In this topic, we review **basic** ways to insert or remove complete rows or 
columns. Later, in other notebook, the topics about **concatenation** and 
**merging** will be covered, which are more complex and useful ways to insert or drop
data.

Topics Reviewd

- Inserting columns (using accesors or `.insert()`)
- Deleting using `del`, `pop()`, or `drop()`
- Sorting using `.sort_values()`

**NOTE:** Versions previous to pandas 2.0 could use `.append()` to insert rows, but now it is deprecated and instead we will always use `concat()`. `concat()` will be explored in other notebook.

In [3]:
import pandas as pd
import numpy as np

np.random.seed(0)

In [16]:
## Handy function
from IPython.display import display_html

def display_side_by_side(*args):
    html_str=''
    for df in args:
        html_str+=df.to_html()
    display_html(html_str.replace('table','table style="display:inline"'),raw=True)

## Inserting columns

There are two basic ways to insert columns.
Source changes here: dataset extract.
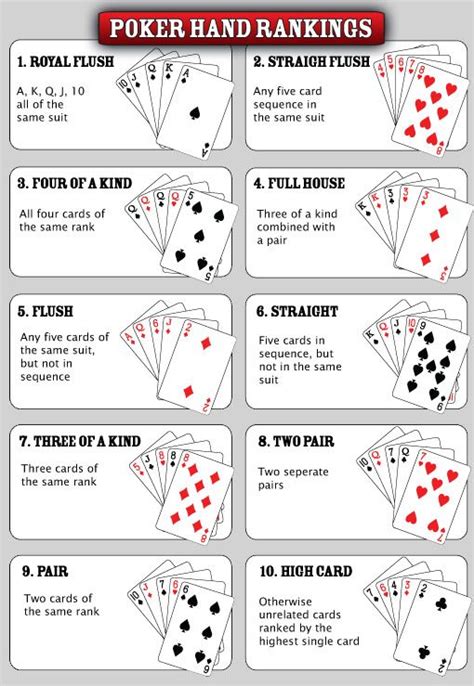Poker – A Family of Card Games .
1. Insert cols using accessors `df["column_name"] = <new_data>`. Note `<new_data>` can be a scalar or a list/array of the length of columns.
2. Insert cols using `.insert(loc, column, value)`, when the location of the new column is important.
    - `loc` indicates the location of the new column
    - `column` indicates the name of the column
    - `value` indicates the values (scalar or list/array) to fit the new column.


In [4]:
data = {
     'name': ['Xavier', 'Ann', 'Jana', 'Yi', 'Robin', 'Amal', 'Nori'],
     'city': ['Mexico City', 'Toronto', 'Prague', 'Shanghai',
              'Manchester', 'Cairo', 'Osaka'],
     'age': [41, 28, 33, 34, 38, 31, 37],
     'py-score': [88.0, 79.0, 81.0, 80.0, 68.0, 61.0, 84.0]
 }

row_labels = [100, 101, 102, 103, 104, 105, 106]
df = pd.DataFrame(data=data, index=row_labels)

df

Unnamed: 0,name,city,age,py-score
100,Xavier,Mexico City,41,88.0
101,Ann,Toronto,28,79.0
102,Jana,Prague,33,81.0
103,Yi,Shanghai,34,80.0
104,Robin,Manchester,38,68.0
105,Amal,Cairo,31,61.0
106,Nori,Osaka,37,84.0


In [5]:
# 1. Inserting new col using accessors
# NOTE: we are inserting using an array
df["js-score"] = np.random.randint(100, size = 7)
df

Unnamed: 0,name,city,age,py-score,js-score
100,Xavier,Mexico City,41,88.0,44
101,Ann,Toronto,28,79.0,47
102,Jana,Prague,33,81.0,64
103,Yi,Shanghai,34,80.0,67
104,Robin,Manchester,38,68.0,67
105,Amal,Cairo,31,61.0,9
106,Nori,Osaka,37,84.0,83


In [6]:
# 1. Inserting new col using accessors
# NOTE: inserting using a scalar will broadcast the value
df["java-score"] = 50
df

Unnamed: 0,name,city,age,py-score,js-score,java-score
100,Xavier,Mexico City,41,88.0,44,50
101,Ann,Toronto,28,79.0,47,50
102,Jana,Prague,33,81.0,64,50
103,Yi,Shanghai,34,80.0,67,50
104,Robin,Manchester,38,68.0,67,50
105,Amal,Cairo,31,61.0,9,50
106,Nori,Osaka,37,84.0,83,50


In [7]:
# 2. Inserting using function .insert()
# NOTE: this function will insert the column in place
df.insert(loc=4,
          column="django-score",
          value=[86.0, 81.0, 78.0, 88.0, 74.0, 70.0, 81.0])
df

Unnamed: 0,name,city,age,py-score,django-score,js-score,java-score
100,Xavier,Mexico City,41,88.0,86.0,44,50
101,Ann,Toronto,28,79.0,81.0,47,50
102,Jana,Prague,33,81.0,78.0,64,50
103,Yi,Shanghai,34,80.0,88.0,67,50
104,Robin,Manchester,38,68.0,74.0,67,50
105,Amal,Cairo,31,61.0,70.0,9,50
106,Nori,Osaka,37,84.0,81.0,83,50


## Deleting rows or cols

There are some ways to delete rows or cols

1. Remove a row using `drop(labels)`
2. Remove a col using `drop(labels, axis = 1)`
3. Remove a col using `del df[<column_label>]`
4. Remove and retrieve a col using `pop(<column_label>)`

**NOTE:** To remove values in place with `drop()` use `inplace = True`.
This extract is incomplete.